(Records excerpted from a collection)
****

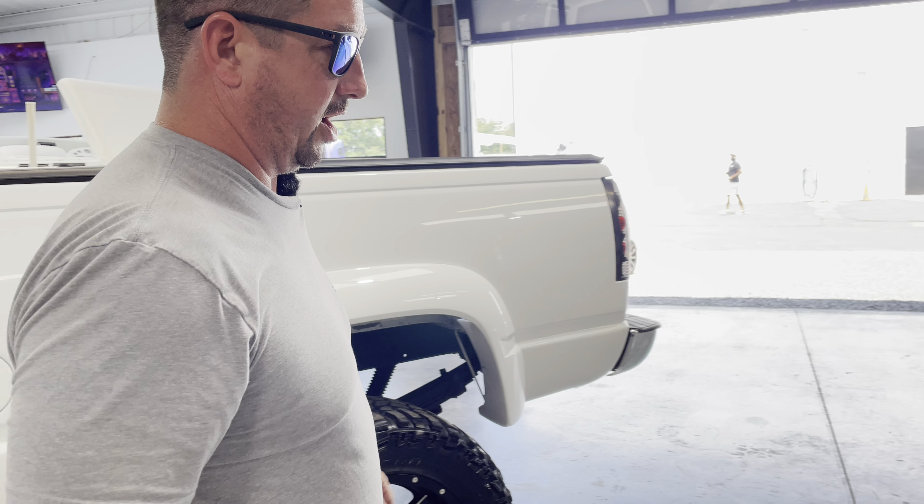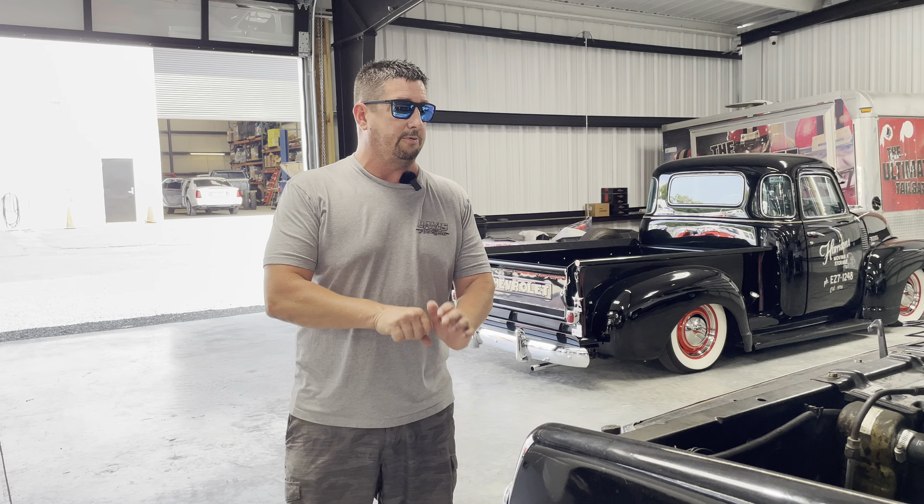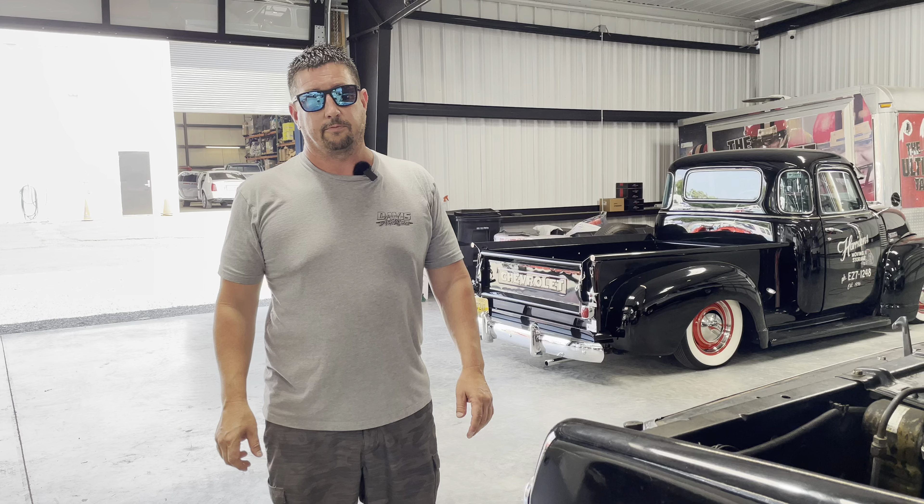Really cool '79, 3-plus-3 crew cab behind you there. This thing's got a lot of things that have been updated that are not era-correct, which bugs us a little bit, but at the same time it's a solid rust-free 3-plus-3 — beautiful crew cab with a big block. We'll bring you a full video shortly, but I'm finishing checking in right now.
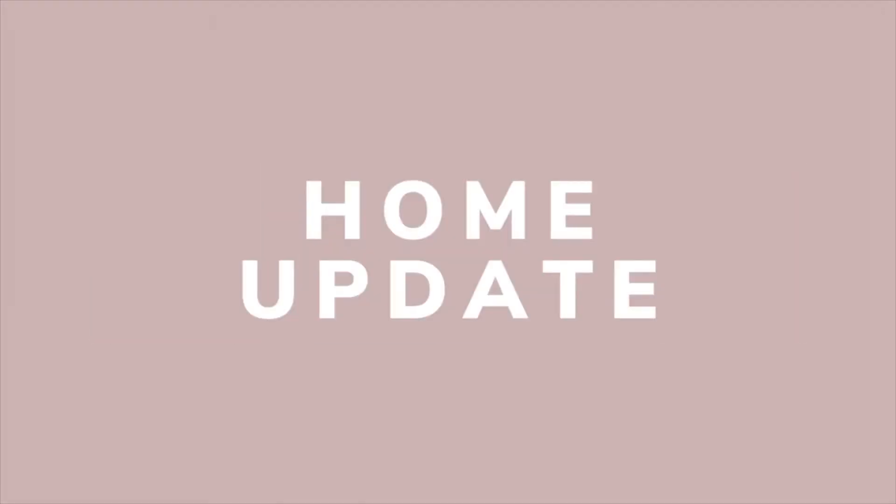We're getting to the finish line — like really close. I'm screaming with joy and excitement inside. So I'm going to talk through the home building process and the different stages of how the home looked. I have photos and videos, so if you're interested in this video, stay tuned.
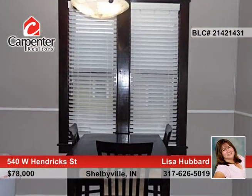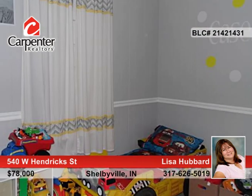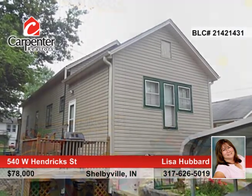The roof, gutters, and siding are only two years old, and you'll love the cozy front porch, deck with fenced yard, and two-car carport for off-street parking.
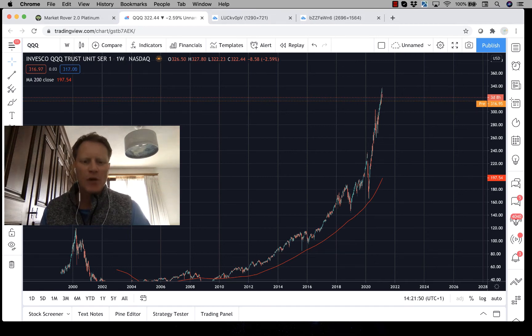Hey folks, today I want to show you the one chart, the one ratio, the one indicator if you wish, that I am watching very closely for when I would expect the NASDAQ 100 — specifically the NASDAQ 100, the QQQ ETF — to start underperforming other risk asset classes.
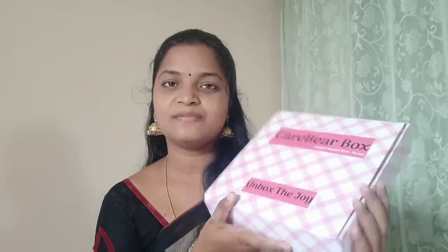This is the period subscription box. There is a lot of information about the subscription box. This is the monthly subscription box. Here you will have information about the subscription box.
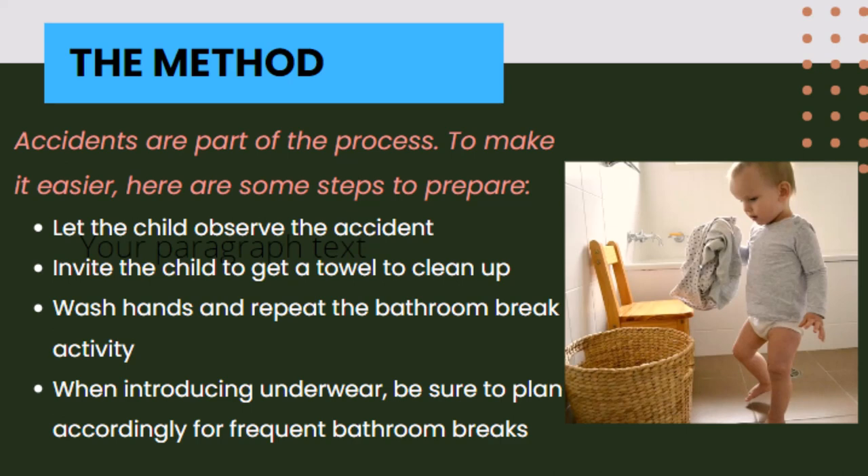Prepare the environment with accessible towels for cleaning up accidents. If the child is allowed the responsibility of helping in the cleaning process, they will be more engaged with the cause and effect concept involved in the activity.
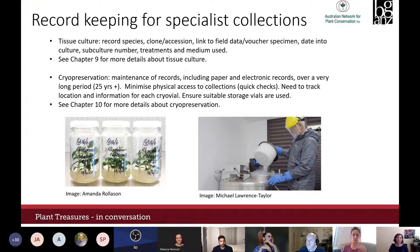The germplasm guidelines also covers managing collections in tissue culture and cryopreservation, which have their own unique record-keeping challenges. Tissue culture collections need to list the date material entered culture, subculturing details, treatments and media used. Cryopreservation stores collections for very long periods under liquid nitrogen, so vials and labels must be robust to extremely low temperatures, and details must be recorded so you always know where each vial is — you can't make quick checks without risking damage to the germplasm. More in chapters 9 and 10.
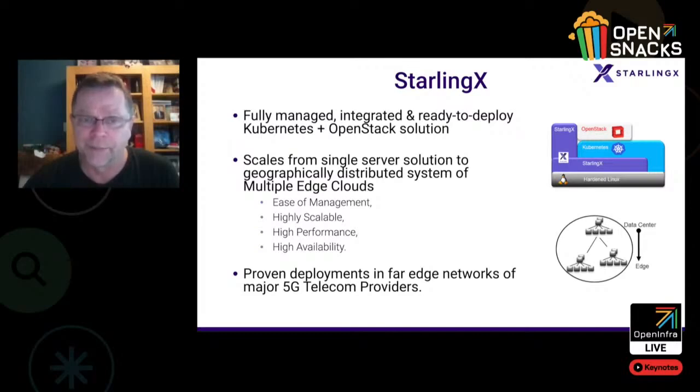It provides high performance by exposing SR-IOV NICs, as well as hardware acceleration devices such as GPUs and FPGAs, into the virtualized and containerized workloads.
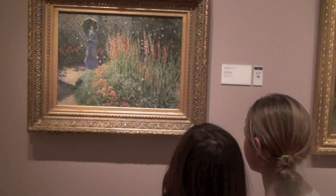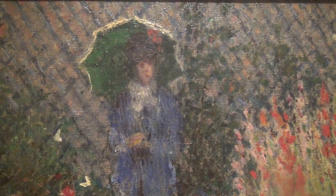This is a Monet painting and he is one of the first people to start painting outside, and he was also an impressionist.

****

→ Task requirements
The answer must be the data above, repeated exactly, with no pictures.

→ Reply
Really cool '79, 3-plus-3 crew cab behind you there. This thing's got a lot of things that have been updated that are not era-correct, which bugs us a little bit, but at the same time it's a solid rust-free 3-plus-3 — beautiful crew cab with a big block. We'll bring you a full video shortly, but I'm finishing checking in right now.
We're getting to the finish line — like really close. I'm screaming with joy and excitement inside. So I'm going to talk through the home building process and the different stages of how the home looked. I have photos and videos, so if you're interested in this video, stay tuned.
The roof, gutters, and siding are only two years old, and you'll love the cozy front porch, deck with fenced yard, and two-car carport for off-street parking.
Hey folks, today I want to show you the one chart, the one ratio, the one indicator if you wish, that I am watching very closely for when I would expect the NASDAQ 100 — specifically the NASDAQ 100, the QQQ ETF — to start underperforming other risk asset classes.
This is the period subscription box. There is a lot of information about the subscription box. This is the monthly subscription box. Here you will have information about the subscription box.
Prepare the environment with accessible towels for cleaning up accidents. If the child is allowed the responsibility of helping in the cleaning process, they will be more engaged with the cause and effect concept involved in the activity.
The germplasm guidelines also covers managing collections in tissue culture and cryopreservation, which have their own unique record-keeping challenges. Tissue culture collections need to list the date material entered culture, subculturing details, treatments and media used. Cryopreservation stores collections for very long periods under liquid nitrogen, so vials and labels must be robust to extremely low temperatures, and details must be recorded so you always know where each vial is — you can't make quick checks without risking damage to the germplasm. More in chapters 9 and 10.
It provides high performance by exposing SR-IOV NICs, as well as hardware acceleration devices such as GPUs and FPGAs, into the virtualized and containerized workloads.
This is a Monet painting and he is one of the first people to start painting outside, and he was also an impressionist.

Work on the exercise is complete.